This article is short enough to accommodate details about both the payload and the flight. Let's enrich the existing page with links to the relevant topics and perhaps an extra mention of news coverage, but that's plenty enough (and you heard this from a major fan). Besides, there is already a lot of content overlap in the numerous pages dealing with SpaceX, so we should work on structuring them better, e.g. recent work on the reusability R&D page grouped a lot of information that was scattered on various research topics, technical components or individual flight tests. Pinging page creator @Vegaswikian: and regular contributors to SpaceX and spaceflight topics @N2e: @C-randles:@Abul Bakhtiar: @PSR B1937+21: @BatteryIncluded: @Galactic Penguin SST: @Kubanczyk: @Zedshort: @The Anome: to please comment and !vote. — JFG talk 10:32, 9 April 2016 (UTC)

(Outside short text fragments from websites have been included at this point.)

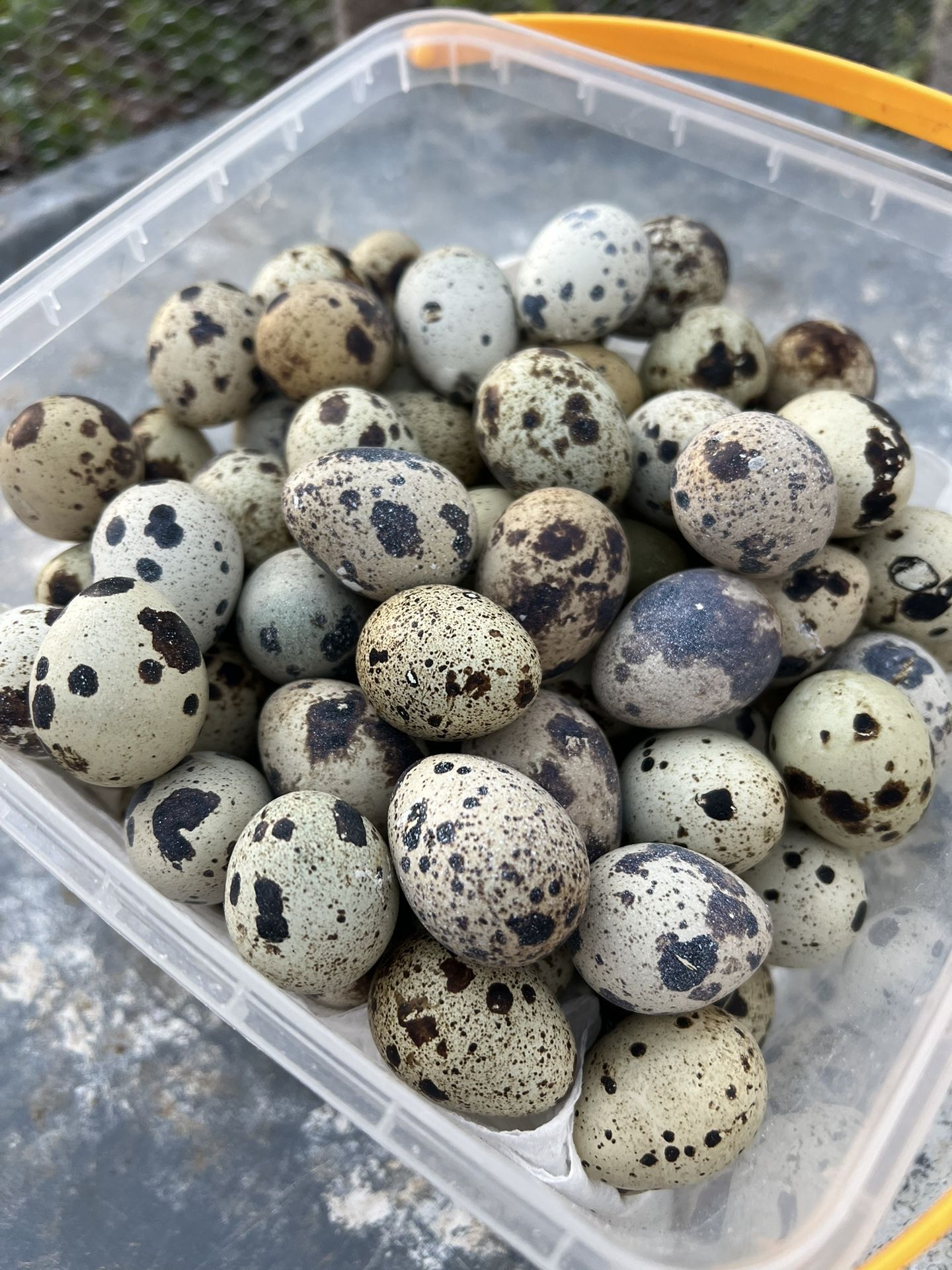 Quail Egg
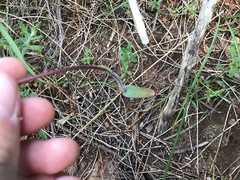 Caladenia tentaculata
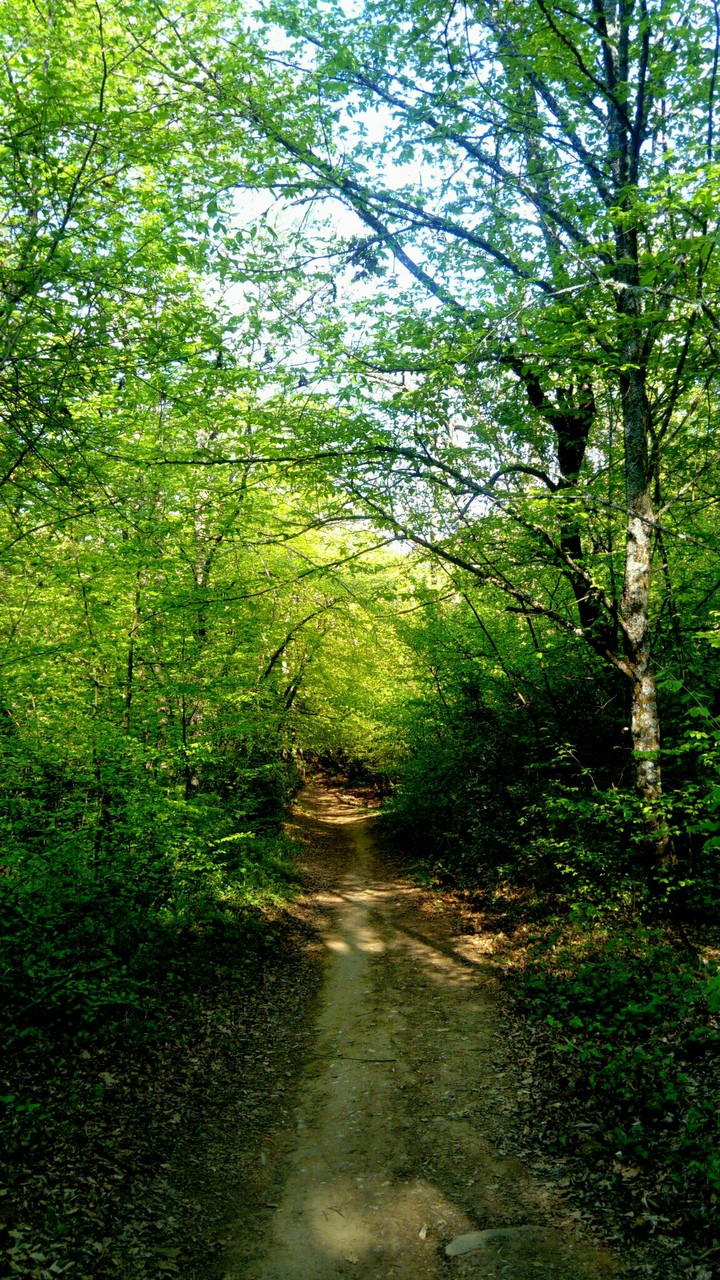la nature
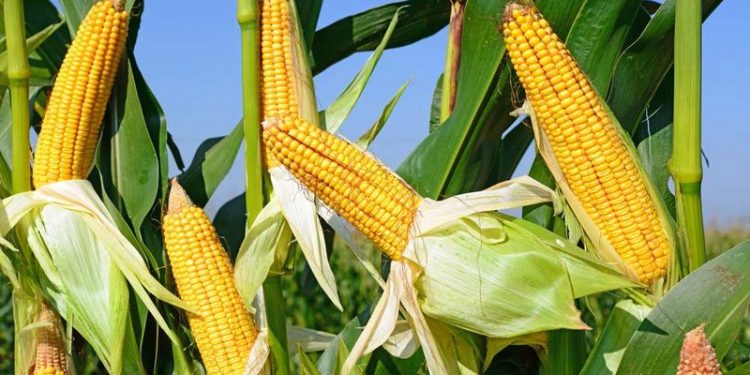 RDC : le maïs, un argument électoral de taille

- Keep with payload at least at present. crandles (talk) 11:00, 9 April 2016 (UTC)
- Keep with payload keep it simple Zedshort (talk) 14:12, 9 April 2016 (UTC)
- For most of NASA's CRS and CCDev missions a separate article is not needed. PSR B1937+21 (talk) 11:07, 9 April 2016 (UTC)
- My two cents: this is actually a somewhat complex topic, and not really sure where it should be discussed. First off, there is Wikiproject Spaceflight ordinary practice, and there are, no doubt, special cases, which might still be compliant with overall wiki-policy and guidelines.
- So, in general within the spaceflight wikiproject in the distant past, the sat article has covered the launch. In past history, the sat was the story and the launch, generally, was not. Things have been gradually changing, both from the launch side (more notable launchers, doing new things (sophisticated flight tests, landings, potential reuse, ...) and from the satellite side (larger flights of small sats, sometimes resulting in no single launch article on the sat(s) at all, even though the launch is highly notable, etc.).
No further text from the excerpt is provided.